In the copy, include exactly the lines from the one with "Outsunny 8 ft" through the end of the data and no others, both ends kept, with every picture left out.

■ STORED DATA
********************
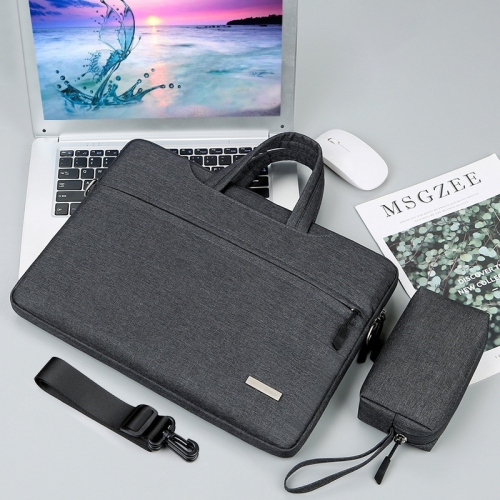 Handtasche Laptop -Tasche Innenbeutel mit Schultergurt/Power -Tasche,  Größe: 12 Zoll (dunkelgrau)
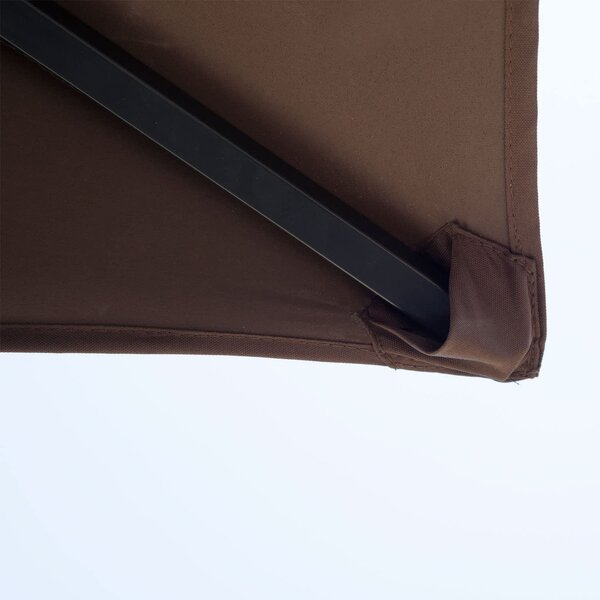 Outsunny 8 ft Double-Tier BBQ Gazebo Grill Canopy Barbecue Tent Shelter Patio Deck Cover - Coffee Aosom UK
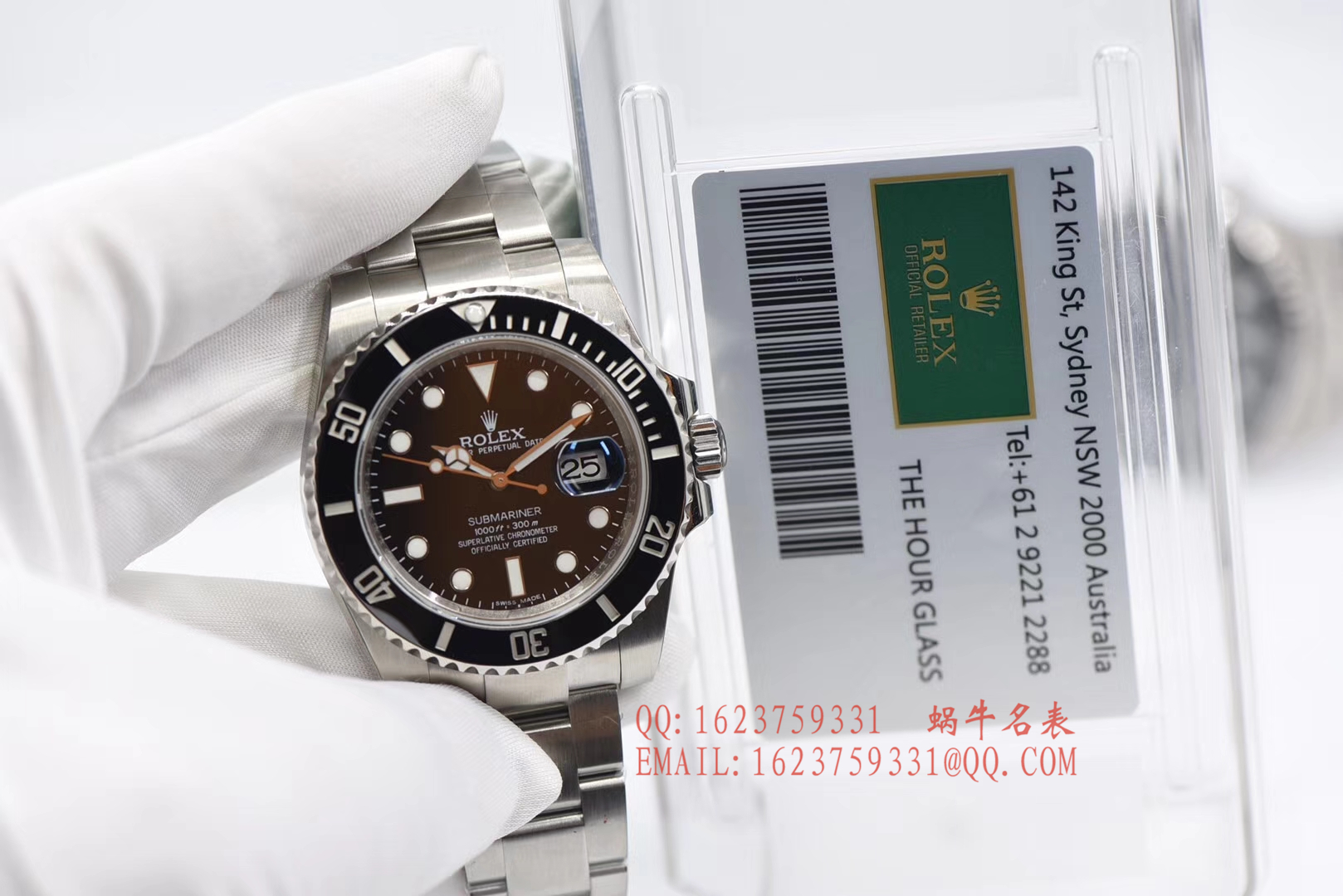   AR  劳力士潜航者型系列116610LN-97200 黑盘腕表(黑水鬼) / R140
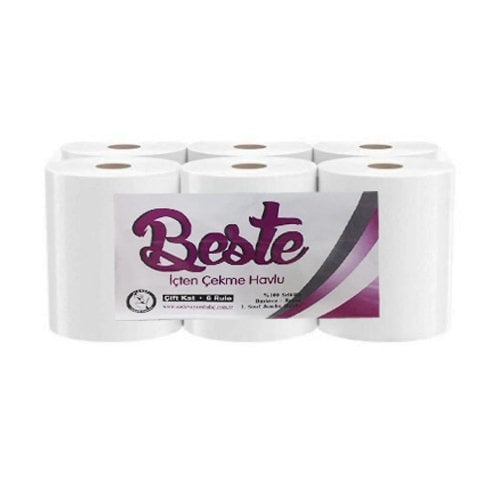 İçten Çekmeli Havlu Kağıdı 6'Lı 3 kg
********************
■ RESPONSE
 Outsunny 8 ft Double-Tier BBQ Gazebo Grill Canopy Barbecue Tent Shelter Patio Deck Cover - Coffee Aosom UK
   AR  劳力士潜航者型系列116610LN-97200 黑盘腕表(黑水鬼) / R140
 İçten Çekmeli Havlu Kağıdı 6'Lı 3 kg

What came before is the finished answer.